I’ve not looked into it too much but we could patch Learner to do sweeps. The only issue is that it would probably be on a limited number of parameters (batch size, learning rate, epochs…) and it may be hard to make it as flexible as the traditional sweeps. It may be sufficient based on how people use it though. Let me know your feedback

It is a great question. W&B includes the tensorboard dashboard (when used for logging) and additional features.
My favorite feature is its ability to centralize experiments and quickly compare them.
When I have a complex project, I typically try a few different ideas and pull my comparisons into W&B reports to write my reasoning along the way. Helps me think more clearly.
They have a comparison section in their documentation but I would recommend you just to do a test on a few runs as it will be easier to understand.

vrodriguezf · July 9, 2020, 6:10pm

That’s indeed a good idea! Hadn’t thought about it.

boris · July 27, 2020, 11:04pm

Just an update that Jeremy just merged the PR for handling tabular data.
Many thanks to @muellerzr for the help in that one!

Prediction table is now automatically logged with losses, metrics, etc

boris · August 5, 2020, 2:31am

With the recent update from @muellerzr, we now automatically get great details on the config parameters logged!

These are saved as string so if you play a lot with these, it may not be completely straightforward to organize your runs. As an alternative we could also extract each value such as dls.after_batch.IntToFloatTensor.div (float) but it may not completely help (Normalize.mean is tuple of 3 floats here). I’m thinking of letting this explicit description as is for now.

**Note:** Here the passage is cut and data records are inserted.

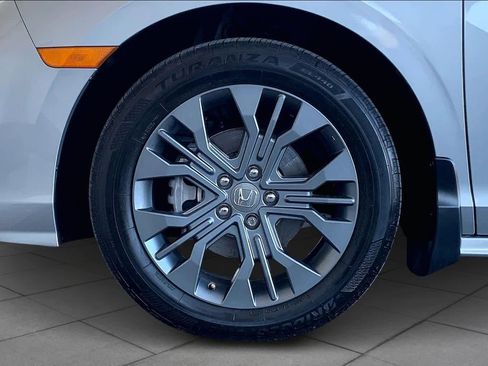 Used 2025 Honda Odyssey Touring image 10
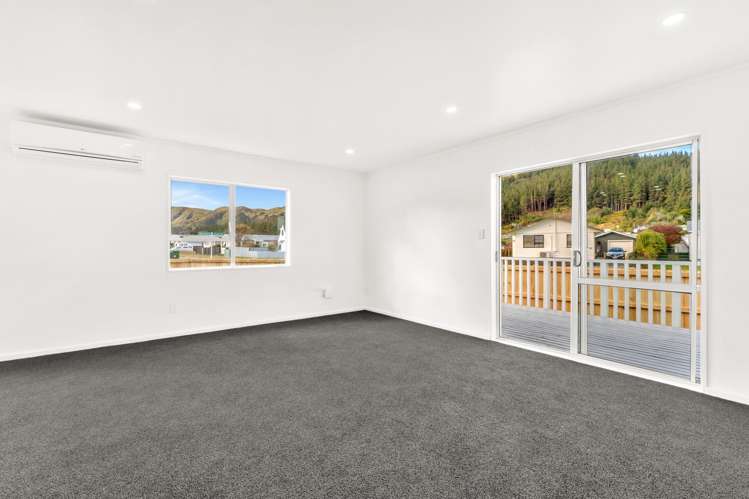 1 Weymouth Grove Wainuiomata_9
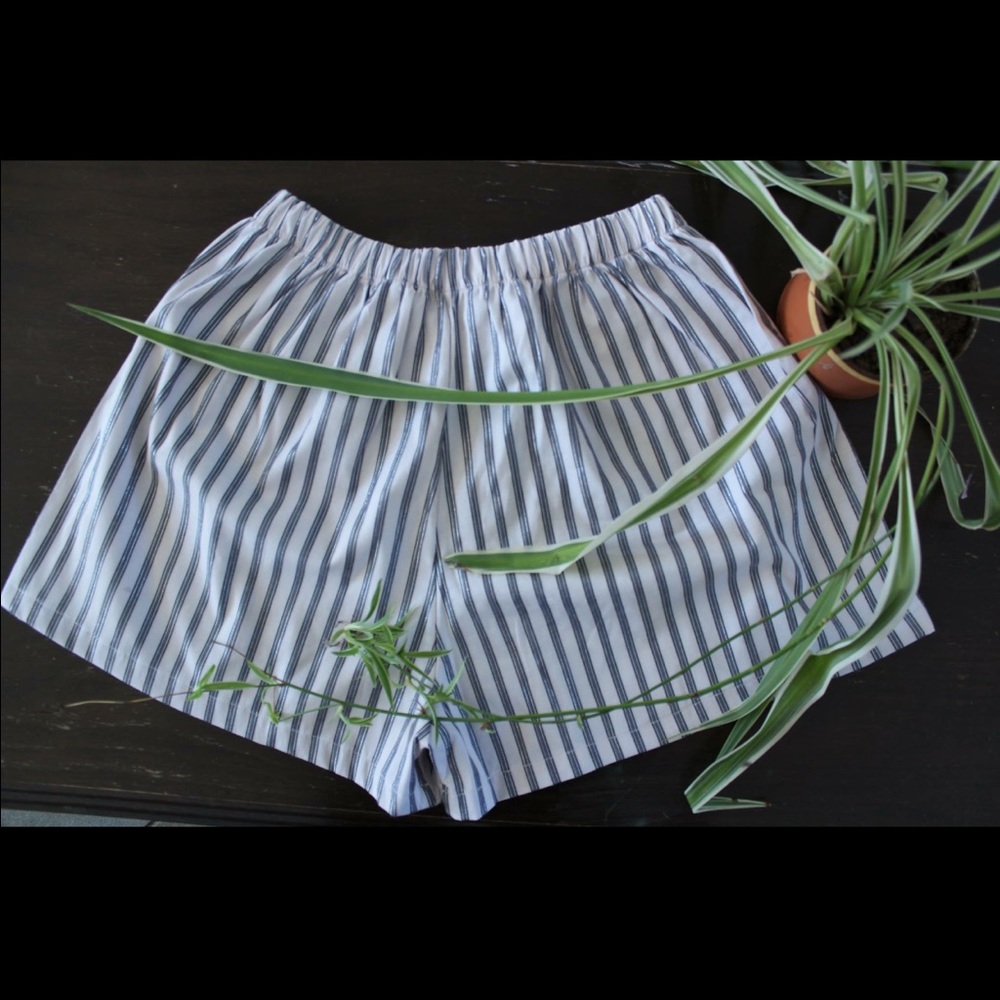 Women short (size M )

Let me know if you have any suggestions.

vrodriguezf · August 5, 2020, 8:41am

Thank you! I was missing this information!

boris · August 19, 2020, 5:23pm

Just a quick update I’m really excited about: the integration of artifacts in the callback.

I’ll add more doc about it but basically this is how it works:

the callback can log & track your datasets with log_dataset arg (set to True or your custom path)
you can manually log datasets with the log_dataset(path…) function (for example to split train/valid)
models are now logged as artifacts (through log_model)
you can also manually log models with log_model(…) function

boris · August 21, 2020, 7:35pm

I think WandbCallback is now ready for big show time with the new release of fastai

I added some new documentation and quick examples (also added to top post):

And here is a quick summary of the features included in the callback:

Log and compare runs and hyperparameters
Keep track of code, models and datasets
Automatically log prediction samples to visualize during training
Monitor computer resources
Make custom graphs and reports with data from your runs
Launch and scale hyperparameter search on your own compute, orchestrated by W&B
Collaborate in a transparent way, with traceability and reproducibility

Pretty excited about it! Feel free to share your feedback!

rsomani95 · October 25, 2020, 7:36am

@boris thank you so much for all your work. This callback is really cool and a delight to use.

I think even a limited use of the sweeps functionality as a patch to Learner would be 100% worth it. I personally wouldn’t write a custom script (yet) to use sweeps, so trying it out without additional effort is a huge win for users like me.

I think it makes sense for the log_model and log_dataset functions to expose description as a parameter rather than fixing it to 'trained_model' and 'raw dataset' respectively.

boris · October 28, 2020, 9:10pm

Thanks for the feedback @rsomani95 .
I made a PR for custom description.

I still have the sweeps functionality in my todo list!